Verification and fact-checking are themes Shel Holtz and I keep returning to on our For Immediate Release podcast. Almost every few episodes now, in one form or another, we find ourselves back at the same uncomfortable truth: AI is moving faster than our professional discipline is adapting to it.
Episode 491, published earlier this week, brought that home rather starkly.
We talked about how Deloitte submitted major government reports in two different countries – Canada and Australia – both containing AI-generated citations to research that never existed. Expensive, high-stakes advisory work, undermined by fabricated sources. At almost the same time, a CDC-linked study in the United States was found to include hallucinated references that actually contradicted the real scientists’ findings.

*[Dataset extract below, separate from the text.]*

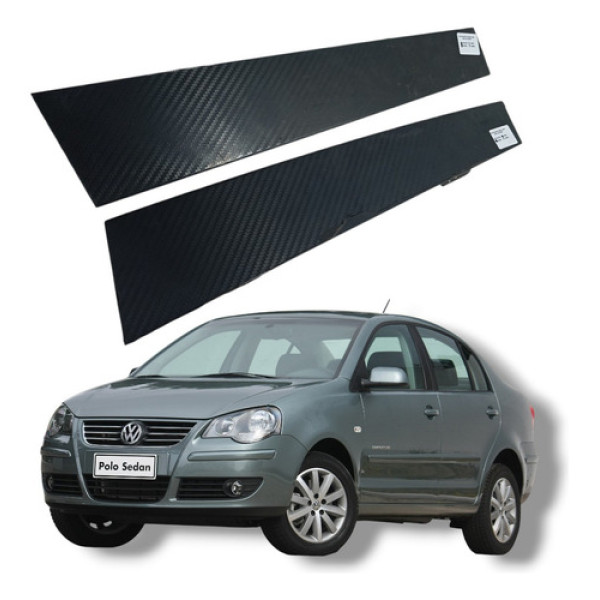 Par Moldura Coluna Porta Dianteira Vw Polo Sedan 2008 2013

Different organisations. Different jurisdictions. But exactly the same failure.
And once again, it was tempting for some to frame this as a “technology problem”. It isn’t. This is a professional judgement problem.

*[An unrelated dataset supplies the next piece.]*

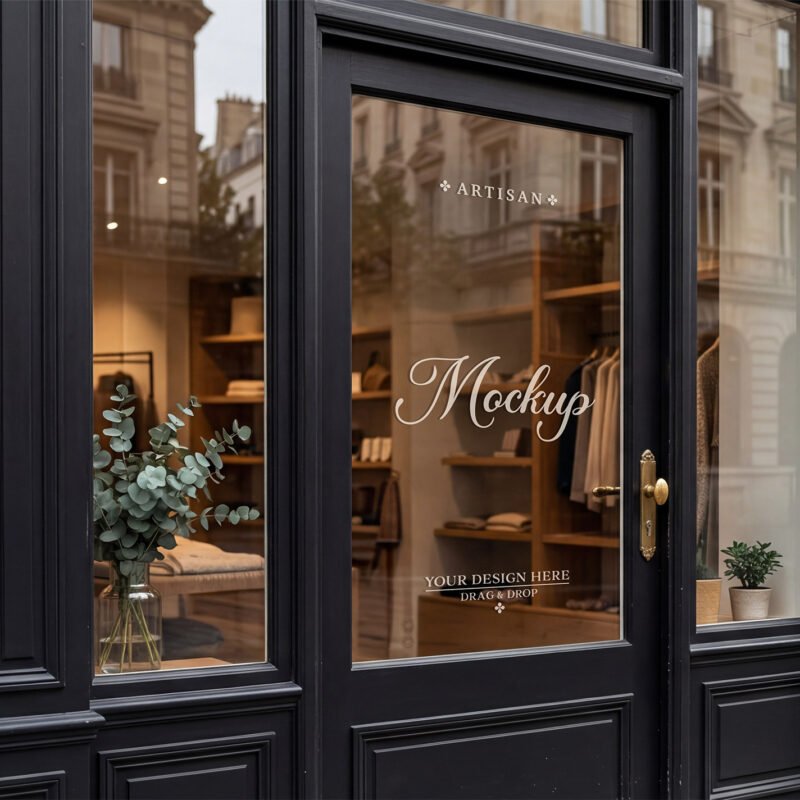 Shop Glass Window Mockup with Storefront Reflection thumbnail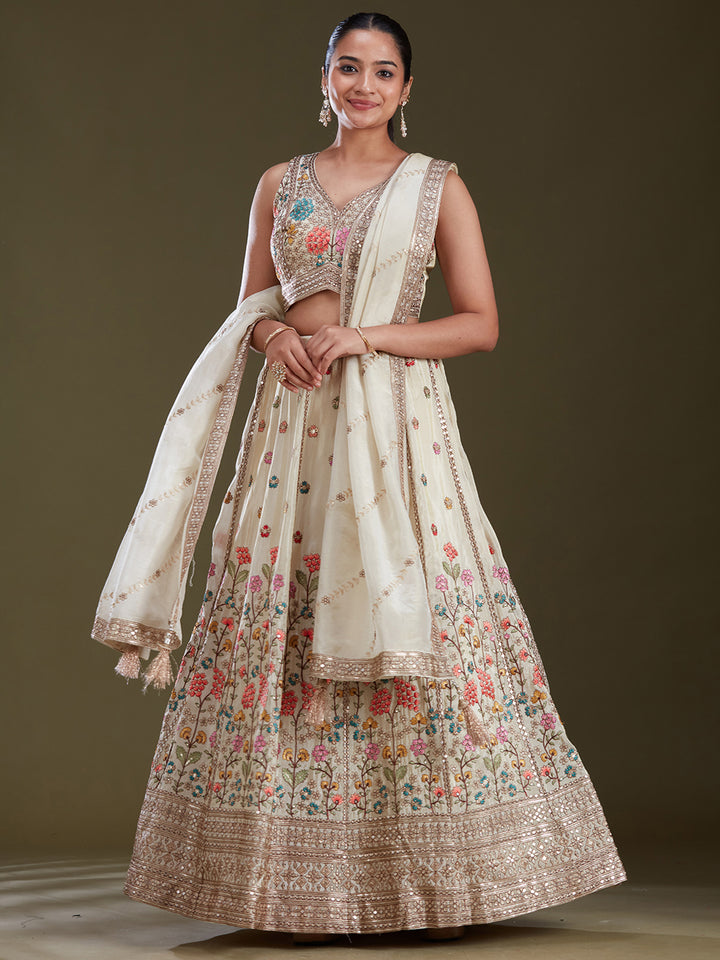 Cream Threadwork Art Silk Readymade Lehenga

Generative AI does not “know” anything. It does not retrieve facts in the way a researcher does. It predicts what comes next in a sentence based on probability. That makes it extremely fluent – and sometimes extremely wrong. It can invent academic papers. It can attribute quotes to people who never said them. It can generate URLs that look authentic but go nowhere. And it does all of this with complete confidence.

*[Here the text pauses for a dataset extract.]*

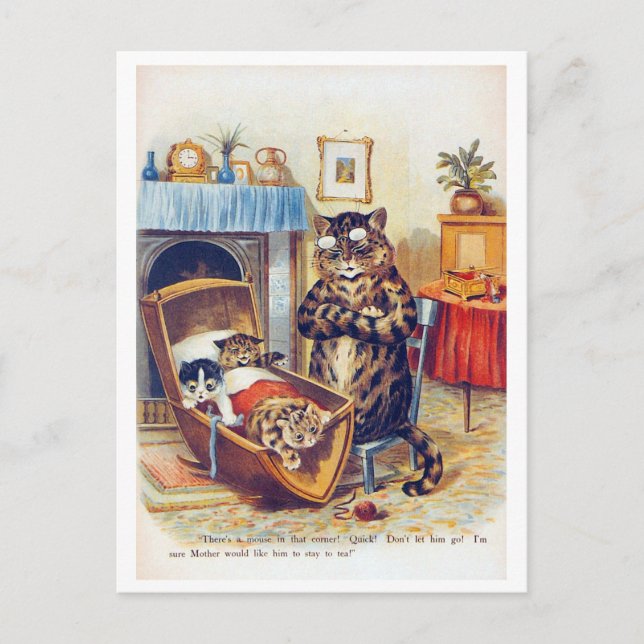 Cartão Postal Gato Dozinho e Gato Bebê, Louis Wain (Frente)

When that output flows straight into reports, policy papers, press releases, or research summaries without being checked, the damage does not attach itself to the AI tool. It attaches itself to the people and organisations who put their name on it.
We often hear the phrase human in the loop offered as reassurance. In the cases we discussed, humans were very much in the loop. The problem is that they appear to have been in the loop as editors, not verifiers. They polished language. They reviewed structure. But they did not check whether the sources were real.
That distinction now matters more than ever.
Yes, that takes time. But so does repairing trust once it has been damaged. So does issuing corrections. So does facing public scrutiny when errors surface in high-profile work. As Shel put it in the podcast episode, the cost of proper verification is still far lower than the cost of getting it wrong.
This is why this topic keeps resurfacing in our recent podcast episodes. The incidents are becoming more frequent. The stakes are rising. And yet, in many organisations, verification is still treated as an optional extra rather than a core capability.
It should now be neither optional nor negotiable.
You can use AI.
You can benefit from AI.
But you cannot delegate truth to AI.
Being “human in the loop” only works if the human is a fact-checker, not just an editor.
That is no longer a best practice. It is the baseline.